In fact, the dialogue does more than entertain. Usually dialogue is about expressing what characters think or feel; in The Sopranos, however, almost every line is a lie, a difficult task for a writer that Chase masters with ease. When Toni tells Dr. Melfi he had coffee with a business associate he means he broke the guy’s leg (p. 12 – 13), when he turns to Carmella telling her ‘[…] you’re the only person in my life I’m completely honest with’ (p. 54), we know he is everything but. In fact Dr. Melfi encourages Tony not to tell her any details about his work, creating a narrative structure that makes it hard to understand the characters’ intentions (p. 11). But this is precisely what makes The Sopranos so great; it gives me a thrill to try and uncover the inner workings of this group of people: what is Carmella’s relationship with the priest, is Junior really going to hurt Tony, is Livia on Tony’s side?
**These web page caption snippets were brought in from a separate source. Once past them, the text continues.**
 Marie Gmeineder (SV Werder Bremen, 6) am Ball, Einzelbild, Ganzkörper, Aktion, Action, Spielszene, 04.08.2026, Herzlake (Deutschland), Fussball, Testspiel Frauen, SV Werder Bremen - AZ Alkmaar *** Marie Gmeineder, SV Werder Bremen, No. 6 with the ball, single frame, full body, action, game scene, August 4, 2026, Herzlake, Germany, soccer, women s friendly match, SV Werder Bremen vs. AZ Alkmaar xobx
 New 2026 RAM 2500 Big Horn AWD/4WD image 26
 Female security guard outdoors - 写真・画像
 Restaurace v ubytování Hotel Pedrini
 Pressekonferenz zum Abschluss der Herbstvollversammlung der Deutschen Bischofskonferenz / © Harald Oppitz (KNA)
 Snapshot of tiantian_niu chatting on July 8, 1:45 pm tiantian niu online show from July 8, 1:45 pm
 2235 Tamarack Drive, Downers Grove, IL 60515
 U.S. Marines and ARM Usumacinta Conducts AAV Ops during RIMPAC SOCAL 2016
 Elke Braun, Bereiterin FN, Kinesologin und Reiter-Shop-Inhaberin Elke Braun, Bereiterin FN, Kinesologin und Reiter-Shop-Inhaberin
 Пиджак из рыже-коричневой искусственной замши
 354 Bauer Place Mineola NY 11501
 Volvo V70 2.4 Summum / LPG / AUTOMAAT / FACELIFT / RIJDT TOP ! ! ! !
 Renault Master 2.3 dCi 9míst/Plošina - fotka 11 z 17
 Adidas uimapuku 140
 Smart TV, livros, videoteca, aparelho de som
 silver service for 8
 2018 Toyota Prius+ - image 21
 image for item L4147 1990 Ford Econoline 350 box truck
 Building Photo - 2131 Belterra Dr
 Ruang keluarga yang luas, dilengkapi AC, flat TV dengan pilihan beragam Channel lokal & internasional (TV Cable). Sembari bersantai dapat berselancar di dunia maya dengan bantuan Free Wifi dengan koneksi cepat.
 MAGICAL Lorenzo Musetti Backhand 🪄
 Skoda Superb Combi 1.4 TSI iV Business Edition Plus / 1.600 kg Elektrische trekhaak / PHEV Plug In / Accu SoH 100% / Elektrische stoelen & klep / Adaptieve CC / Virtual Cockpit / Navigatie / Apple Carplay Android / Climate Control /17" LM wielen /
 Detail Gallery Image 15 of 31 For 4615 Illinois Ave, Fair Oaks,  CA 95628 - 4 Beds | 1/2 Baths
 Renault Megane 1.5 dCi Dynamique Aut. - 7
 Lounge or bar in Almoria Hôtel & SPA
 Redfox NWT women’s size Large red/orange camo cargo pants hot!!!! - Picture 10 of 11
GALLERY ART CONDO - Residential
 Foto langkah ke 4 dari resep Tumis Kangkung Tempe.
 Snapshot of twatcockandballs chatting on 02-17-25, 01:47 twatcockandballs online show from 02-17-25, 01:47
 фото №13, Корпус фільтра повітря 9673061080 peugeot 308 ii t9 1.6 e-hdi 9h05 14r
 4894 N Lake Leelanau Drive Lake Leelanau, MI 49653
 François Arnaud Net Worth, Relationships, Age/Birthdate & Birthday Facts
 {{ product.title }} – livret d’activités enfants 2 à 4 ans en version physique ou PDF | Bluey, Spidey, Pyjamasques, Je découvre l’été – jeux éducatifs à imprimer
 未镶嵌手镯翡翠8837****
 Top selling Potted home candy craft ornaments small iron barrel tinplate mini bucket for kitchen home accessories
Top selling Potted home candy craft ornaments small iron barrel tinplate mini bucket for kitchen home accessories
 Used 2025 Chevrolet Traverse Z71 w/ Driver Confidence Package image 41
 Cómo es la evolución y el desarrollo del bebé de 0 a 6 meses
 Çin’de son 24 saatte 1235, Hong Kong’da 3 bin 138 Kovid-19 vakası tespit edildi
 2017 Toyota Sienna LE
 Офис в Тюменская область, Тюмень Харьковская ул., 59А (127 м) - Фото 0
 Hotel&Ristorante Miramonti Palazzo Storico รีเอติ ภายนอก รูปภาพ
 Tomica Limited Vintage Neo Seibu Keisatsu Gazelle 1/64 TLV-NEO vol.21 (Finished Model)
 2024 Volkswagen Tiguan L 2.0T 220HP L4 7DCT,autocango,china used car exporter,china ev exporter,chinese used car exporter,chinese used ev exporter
Chase manages to create a constant sense of foreboding, which I find captivating as a reader. Tony admits to Dr. Melfi ‘[…] that’s what I’m full of dread about, that I’m going to lose my family. […] It’s always with me –’ (p. 59) and the morning of his panic attack, Tony has an ominous feeling that ‘the morning is too still’ (p. 6). Ironically we finish the episode with an image of the Soprano’s silent pool right after Junior suggested to Livia ‘something might have to be done about Tony’ (p. 68), seemingly confirming Tony’s fears. This is an extremely effective way to begin a series, which, other than a feature film, has to hold the audience’s attention for many hours to come. You never know what is going to come next, but you have to the urge to find out — and just like Tony, you can never really relax.